On the face of it, the market cap destruction of over ₹50,000 crore suffered by Infosys after it revealed whistle-blower complaints about unethical management conduct from a group of anonymous employees may seem a little excessive. But the string of governance scandals that have rocked India Inc in recent years have left such an indelible mark on the investor psyche, that investors are today inclined to shoot and then ask questions, when governance allegations surface about any firm. Given that this is not the first time that Infosys is dealing with whistle-blower complaints, it has a well-established process to deal with them. Its audit committee, shorn of its CEO and CFO (who figure in the complaint), is now investigating the matter. However, the same cannot be said for much of India Inc. Though whistle-blower complaints have been critical to blowing the lid off many a corporate scandal in India — from the conflict of interest allegations that claimed the career of ICICI Bank’s CEO to the dubious lending at PMC Bank — the legal system does little to nurture a culture of insiders calling out corporate fraud.
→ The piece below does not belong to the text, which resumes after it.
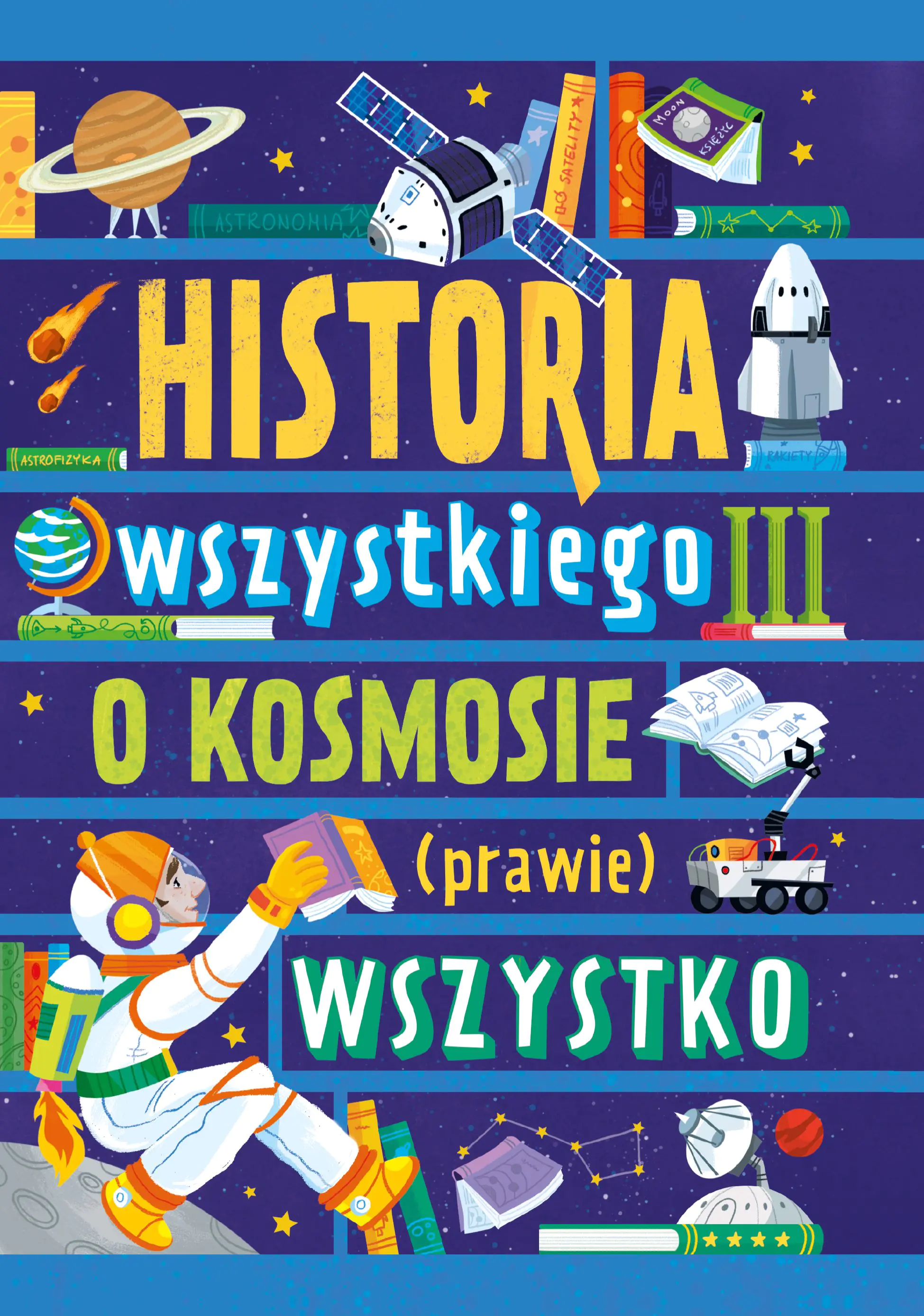 Książka - Historia wszystkiego III. O kosmosie (prawie) wszystko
The laws enabling corporate whistle-blowing in India are quite loosely drafted. Section 177(9) of the amended Companies Act of 2013 requires all listed companies and those accepting public deposits or having material borrowings to establish a vigil mechanism for directors or employees to report fraudulent or unethical behaviour. But how this mechanism will operate is left open-ended, with companies merely required to provide an email ID to lodge complaints. Resolution is left to the discretion of the company and anonymous complaints are actively discouraged. SEBI’s LODR Regulations go a little farther by tasking audit committees with reviewing the whistle-blower mechanism. But they fail to specify any process for complaint resolution. Even in cases where companies do have a proper whistle-blowing mechanism, complaints are often investigated by the in-house audit committee. Given how pliant independent directors on corporate boards tend to be in the Indian context, it seems a tall ask to expect the audit committee to protect the identity of the whistle-blower or to nail the culprits. In many cases, forensic audits commissioned by the regulator have unearthed substantial evidence of fraud after perpetrators were exonerated by in-house audit committees. This imperfect situation leads to whistle-blowers taking their complaints to the media where they can get widely disseminated before being proved, opening the doors to wealth destruction and market manipulation.
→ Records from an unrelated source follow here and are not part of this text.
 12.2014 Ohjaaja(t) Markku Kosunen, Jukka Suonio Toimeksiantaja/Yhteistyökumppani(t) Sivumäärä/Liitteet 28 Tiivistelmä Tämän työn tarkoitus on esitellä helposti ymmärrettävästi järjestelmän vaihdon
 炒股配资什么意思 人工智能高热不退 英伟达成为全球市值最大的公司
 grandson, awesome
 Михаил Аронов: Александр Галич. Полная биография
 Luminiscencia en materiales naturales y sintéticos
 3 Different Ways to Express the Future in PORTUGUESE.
Establishing a centralised whistle-blower mechanism under the auspices of the market regulator appears to be the best way to solve this problem. The Office of the Whistle-blower under the US SEC has been quite successful at unearthing corporate frauds since its inception in 2010. SEBI has recently mooted an ‘informant’ mechanism for reporting cases of insider trading. There’s no reason why this shouldn’t be extended to whistle-blowing on all legal and corporate governance infractions in listed firms.